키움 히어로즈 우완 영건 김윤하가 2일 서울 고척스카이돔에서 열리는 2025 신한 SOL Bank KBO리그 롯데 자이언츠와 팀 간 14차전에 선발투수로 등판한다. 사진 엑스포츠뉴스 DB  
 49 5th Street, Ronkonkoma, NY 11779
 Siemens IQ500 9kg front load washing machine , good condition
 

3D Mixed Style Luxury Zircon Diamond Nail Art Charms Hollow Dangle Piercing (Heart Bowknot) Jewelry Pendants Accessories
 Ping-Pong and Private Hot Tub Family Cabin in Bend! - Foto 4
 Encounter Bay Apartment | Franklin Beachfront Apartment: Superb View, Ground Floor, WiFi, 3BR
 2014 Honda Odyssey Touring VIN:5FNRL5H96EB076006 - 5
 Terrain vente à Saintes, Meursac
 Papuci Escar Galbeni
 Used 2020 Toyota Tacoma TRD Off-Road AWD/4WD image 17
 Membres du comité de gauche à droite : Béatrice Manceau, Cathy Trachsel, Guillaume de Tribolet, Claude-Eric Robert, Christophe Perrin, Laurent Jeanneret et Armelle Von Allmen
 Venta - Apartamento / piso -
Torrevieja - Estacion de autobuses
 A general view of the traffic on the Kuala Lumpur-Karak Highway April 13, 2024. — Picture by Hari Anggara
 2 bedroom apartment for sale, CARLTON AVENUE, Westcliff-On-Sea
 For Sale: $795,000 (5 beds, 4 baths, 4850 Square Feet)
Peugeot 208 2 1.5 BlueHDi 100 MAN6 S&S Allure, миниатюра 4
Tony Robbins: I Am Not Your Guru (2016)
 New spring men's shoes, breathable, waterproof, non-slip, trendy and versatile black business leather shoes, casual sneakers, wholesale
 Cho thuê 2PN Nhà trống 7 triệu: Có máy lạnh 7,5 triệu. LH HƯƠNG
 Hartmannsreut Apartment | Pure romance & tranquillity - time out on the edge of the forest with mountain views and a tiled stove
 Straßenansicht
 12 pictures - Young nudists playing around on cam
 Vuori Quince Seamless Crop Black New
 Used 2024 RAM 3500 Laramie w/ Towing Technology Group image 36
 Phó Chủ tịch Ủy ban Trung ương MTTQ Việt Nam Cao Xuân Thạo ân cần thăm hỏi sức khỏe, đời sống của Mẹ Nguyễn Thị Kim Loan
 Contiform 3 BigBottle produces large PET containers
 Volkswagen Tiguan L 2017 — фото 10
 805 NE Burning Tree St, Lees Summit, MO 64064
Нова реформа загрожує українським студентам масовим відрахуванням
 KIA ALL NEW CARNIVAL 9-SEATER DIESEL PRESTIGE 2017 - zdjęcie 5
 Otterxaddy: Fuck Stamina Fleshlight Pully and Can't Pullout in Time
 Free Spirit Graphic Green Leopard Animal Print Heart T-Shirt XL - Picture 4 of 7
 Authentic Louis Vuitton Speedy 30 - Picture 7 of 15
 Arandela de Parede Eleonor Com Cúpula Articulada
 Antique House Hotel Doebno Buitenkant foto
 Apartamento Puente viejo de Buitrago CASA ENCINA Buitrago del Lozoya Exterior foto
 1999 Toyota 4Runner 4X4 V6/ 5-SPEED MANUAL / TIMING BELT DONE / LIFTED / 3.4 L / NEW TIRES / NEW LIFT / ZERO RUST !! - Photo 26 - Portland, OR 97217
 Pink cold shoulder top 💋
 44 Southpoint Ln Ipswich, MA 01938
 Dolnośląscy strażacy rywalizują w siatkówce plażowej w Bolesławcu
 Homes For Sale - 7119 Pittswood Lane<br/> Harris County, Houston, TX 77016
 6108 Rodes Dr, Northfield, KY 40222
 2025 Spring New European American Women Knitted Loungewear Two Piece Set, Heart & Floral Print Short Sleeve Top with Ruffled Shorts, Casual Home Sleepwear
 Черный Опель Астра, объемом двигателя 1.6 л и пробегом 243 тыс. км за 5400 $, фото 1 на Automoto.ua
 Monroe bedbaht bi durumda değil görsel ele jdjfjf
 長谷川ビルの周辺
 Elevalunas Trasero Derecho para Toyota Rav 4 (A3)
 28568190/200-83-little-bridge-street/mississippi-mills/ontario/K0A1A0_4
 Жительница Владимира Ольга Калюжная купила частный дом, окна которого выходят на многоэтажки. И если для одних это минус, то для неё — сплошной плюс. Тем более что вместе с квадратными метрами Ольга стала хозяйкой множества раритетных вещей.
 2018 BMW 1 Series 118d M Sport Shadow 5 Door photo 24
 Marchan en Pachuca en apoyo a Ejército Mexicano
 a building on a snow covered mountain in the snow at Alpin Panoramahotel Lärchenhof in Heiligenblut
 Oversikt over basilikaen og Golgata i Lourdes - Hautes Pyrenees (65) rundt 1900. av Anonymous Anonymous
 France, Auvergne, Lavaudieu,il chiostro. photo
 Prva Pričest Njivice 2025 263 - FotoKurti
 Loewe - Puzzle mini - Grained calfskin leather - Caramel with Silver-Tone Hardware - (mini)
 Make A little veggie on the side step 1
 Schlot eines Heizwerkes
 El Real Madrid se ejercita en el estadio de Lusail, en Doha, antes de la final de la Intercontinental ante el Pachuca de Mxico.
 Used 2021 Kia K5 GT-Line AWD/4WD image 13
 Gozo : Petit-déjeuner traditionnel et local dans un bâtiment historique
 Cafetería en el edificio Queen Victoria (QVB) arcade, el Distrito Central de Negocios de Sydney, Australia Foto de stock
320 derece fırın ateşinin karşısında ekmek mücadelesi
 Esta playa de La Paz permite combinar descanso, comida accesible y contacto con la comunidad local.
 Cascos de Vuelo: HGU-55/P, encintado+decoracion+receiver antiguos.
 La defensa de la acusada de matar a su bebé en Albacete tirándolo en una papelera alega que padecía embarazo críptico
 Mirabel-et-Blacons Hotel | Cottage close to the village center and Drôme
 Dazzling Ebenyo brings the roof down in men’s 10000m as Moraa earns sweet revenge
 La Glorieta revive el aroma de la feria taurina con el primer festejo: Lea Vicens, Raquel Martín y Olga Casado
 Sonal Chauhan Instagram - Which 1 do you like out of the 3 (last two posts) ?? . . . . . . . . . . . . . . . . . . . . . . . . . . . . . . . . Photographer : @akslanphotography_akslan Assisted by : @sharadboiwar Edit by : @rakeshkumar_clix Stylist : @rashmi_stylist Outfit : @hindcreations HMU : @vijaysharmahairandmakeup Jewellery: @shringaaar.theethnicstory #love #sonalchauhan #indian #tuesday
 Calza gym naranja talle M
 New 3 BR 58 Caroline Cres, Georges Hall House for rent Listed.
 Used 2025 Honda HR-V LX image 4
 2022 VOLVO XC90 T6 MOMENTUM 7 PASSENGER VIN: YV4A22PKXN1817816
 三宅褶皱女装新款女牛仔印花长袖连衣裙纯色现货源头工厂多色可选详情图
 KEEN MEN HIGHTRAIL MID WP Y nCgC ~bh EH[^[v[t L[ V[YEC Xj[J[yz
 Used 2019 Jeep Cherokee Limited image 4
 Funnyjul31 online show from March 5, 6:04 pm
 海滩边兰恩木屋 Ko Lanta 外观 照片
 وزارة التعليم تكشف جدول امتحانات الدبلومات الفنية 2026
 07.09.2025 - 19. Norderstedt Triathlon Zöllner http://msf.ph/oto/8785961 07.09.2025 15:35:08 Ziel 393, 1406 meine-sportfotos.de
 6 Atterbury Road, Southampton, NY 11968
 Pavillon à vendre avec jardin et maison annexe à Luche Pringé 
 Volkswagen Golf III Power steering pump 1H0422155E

..............................

Task goal: Type out the records above again, exactly the same.

Task response:
키움 히어로즈 우완 영건 김윤하가 2일 서울 고척스카이돔에서 열리는 2025 신한 SOL Bank KBO리그 롯데 자이언츠와 팀 간 14차전에 선발투수로 등판한다. 사진 엑스포츠뉴스 DB  
 49 5th Street, Ronkonkoma, NY 11779
 Siemens IQ500 9kg front load washing machine , good condition
 

3D Mixed Style Luxury Zircon Diamond Nail Art Charms Hollow Dangle Piercing (Heart Bowknot) Jewelry Pendants Accessories
 Ping-Pong and Private Hot Tub Family Cabin in Bend! - Foto 4
 Encounter Bay Apartment | Franklin Beachfront Apartment: Superb View, Ground Floor, WiFi, 3BR
 2014 Honda Odyssey Touring VIN:5FNRL5H96EB076006 - 5
 Terrain vente à Saintes, Meursac
 Papuci Escar Galbeni
 Used 2020 Toyota Tacoma TRD Off-Road AWD/4WD image 17
 Membres du comité de gauche à droite : Béatrice Manceau, Cathy Trachsel, Guillaume de Tribolet, Claude-Eric Robert, Christophe Perrin, Laurent Jeanneret et Armelle Von Allmen
 Venta - Apartamento / piso -
Torrevieja - Estacion de autobuses
 A general view of the traffic on the Kuala Lumpur-Karak Highway April 13, 2024. — Picture by Hari Anggara
 2 bedroom apartment for sale, CARLTON AVENUE, Westcliff-On-Sea
 For Sale: $795,000 (5 beds, 4 baths, 4850 Square Feet)
Peugeot 208 2 1.5 BlueHDi 100 MAN6 S&S Allure, миниатюра 4
Tony Robbins: I Am Not Your Guru (2016)
 New spring men's shoes, breathable, waterproof, non-slip, trendy and versatile black business leather shoes, casual sneakers, wholesale
 Cho thuê 2PN Nhà trống 7 triệu: Có máy lạnh 7,5 triệu. LH HƯƠNG
 Hartmannsreut Apartment | Pure romance & tranquillity - time out on the edge of the forest with mountain views and a tiled stove
 Straßenansicht
 12 pictures - Young nudists playing around on cam
 Vuori Quince Seamless Crop Black New
 Used 2024 RAM 3500 Laramie w/ Towing Technology Group image 36
 Phó Chủ tịch Ủy ban Trung ương MTTQ Việt Nam Cao Xuân Thạo ân cần thăm hỏi sức khỏe, đời sống của Mẹ Nguyễn Thị Kim Loan
 Contiform 3 BigBottle produces large PET containers
 Volkswagen Tiguan L 2017 — фото 10
 805 NE Burning Tree St, Lees Summit, MO 64064
Нова реформа загрожує українським студентам масовим відрахуванням
 KIA ALL NEW CARNIVAL 9-SEATER DIESEL PRESTIGE 2017 - zdjęcie 5
 Otterxaddy: Fuck Stamina Fleshlight Pully and Can't Pullout in Time
 Free Spirit Graphic Green Leopard Animal Print Heart T-Shirt XL - Picture 4 of 7
 Authentic Louis Vuitton Speedy 30 - Picture 7 of 15
 Arandela de Parede Eleonor Com Cúpula Articulada
 Antique House Hotel Doebno Buitenkant foto
 Apartamento Puente viejo de Buitrago CASA ENCINA Buitrago del Lozoya Exterior foto
 1999 Toyota 4Runner 4X4 V6/ 5-SPEED MANUAL / TIMING BELT DONE / LIFTED / 3.4 L / NEW TIRES / NEW LIFT / ZERO RUST !! - Photo 26 - Portland, OR 97217
 Pink cold shoulder top 💋
 44 Southpoint Ln Ipswich, MA 01938
 Dolnośląscy strażacy rywalizują w siatkówce plażowej w Bolesławcu
 Homes For Sale - 7119 Pittswood Lane<br/> Harris County, Houston, TX 77016
 6108 Rodes Dr, Northfield, KY 40222
 2025 Spring New European American Women Knitted Loungewear Two Piece Set, Heart & Floral Print Short Sleeve Top with Ruffled Shorts, Casual Home Sleepwear
 Черный Опель Астра, объемом двигателя 1.6 л и пробегом 243 тыс. км за 5400 $, фото 1 на Automoto.ua
 Monroe bedbaht bi durumda değil görsel ele jdjfjf
 長谷川ビルの周辺
 Elevalunas Trasero Derecho para Toyota Rav 4 (A3)
 28568190/200-83-little-bridge-street/mississippi-mills/ontario/K0A1A0_4
 Жительница Владимира Ольга Калюжная купила частный дом, окна которого выходят на многоэтажки. И если для одних это минус, то для неё — сплошной плюс. Тем более что вместе с квадратными метрами Ольга стала хозяйкой множества раритетных вещей.
 2018 BMW 1 Series 118d M Sport Shadow 5 Door photo 24
 Marchan en Pachuca en apoyo a Ejército Mexicano
 a building on a snow covered mountain in the snow at Alpin Panoramahotel Lärchenhof in Heiligenblut
 Oversikt over basilikaen og Golgata i Lourdes - Hautes Pyrenees (65) rundt 1900. av Anonymous Anonymous
 France, Auvergne, Lavaudieu,il chiostro. photo
 Prva Pričest Njivice 2025 263 - FotoKurti
 Loewe - Puzzle mini - Grained calfskin leather - Caramel with Silver-Tone Hardware - (mini)
 Make A little veggie on the side step 1
 Schlot eines Heizwerkes
 El Real Madrid se ejercita en el estadio de Lusail, en Doha, antes de la final de la Intercontinental ante el Pachuca de Mxico.
 Used 2021 Kia K5 GT-Line AWD/4WD image 13
 Gozo : Petit-déjeuner traditionnel et local dans un bâtiment historique
 Cafetería en el edificio Queen Victoria (QVB) arcade, el Distrito Central de Negocios de Sydney, Australia Foto de stock
320 derece fırın ateşinin karşısında ekmek mücadelesi
 Esta playa de La Paz permite combinar descanso, comida accesible y contacto con la comunidad local.
 Cascos de Vuelo: HGU-55/P, encintado+decoracion+receiver antiguos.
 La defensa de la acusada de matar a su bebé en Albacete tirándolo en una papelera alega que padecía embarazo críptico
 Mirabel-et-Blacons Hotel | Cottage close to the village center and Drôme
 Dazzling Ebenyo brings the roof down in men’s 10000m as Moraa earns sweet revenge
 La Glorieta revive el aroma de la feria taurina con el primer festejo: Lea Vicens, Raquel Martín y Olga Casado
 Sonal Chauhan Instagram - Which 1 do you like out of the 3 (last two posts) ?? . . . . . . . . . . . . . . . . . . . . . . . . . . . . . . . . Photographer : @akslanphotography_akslan Assisted by : @sharadboiwar Edit by : @rakeshkumar_clix Stylist : @rashmi_stylist Outfit : @hindcreations HMU : @vijaysharmahairandmakeup Jewellery: @shringaaar.theethnicstory #love #sonalchauhan #indian #tuesday
 Calza gym naranja talle M
 New 3 BR 58 Caroline Cres, Georges Hall House for rent Listed.
 Used 2025 Honda HR-V LX image 4
 2022 VOLVO XC90 T6 MOMENTUM 7 PASSENGER VIN: YV4A22PKXN1817816
 三宅褶皱女装新款女牛仔印花长袖连衣裙纯色现货源头工厂多色可选详情图
 KEEN MEN HIGHTRAIL MID WP Y nCgC ~bh EH[^[v[t L[ V[YEC Xj[J[yz
 Used 2019 Jeep Cherokee Limited image 4
 Funnyjul31 online show from March 5, 6:04 pm
 海滩边兰恩木屋 Ko Lanta 外观 照片
 وزارة التعليم تكشف جدول امتحانات الدبلومات الفنية 2026
 07.09.2025 - 19. Norderstedt Triathlon Zöllner http://msf.ph/oto/8785961 07.09.2025 15:35:08 Ziel 393, 1406 meine-sportfotos.de
 6 Atterbury Road, Southampton, NY 11968
 Pavillon à vendre avec jardin et maison annexe à Luche Pringé 
 Volkswagen Golf III Power steering pump 1H0422155E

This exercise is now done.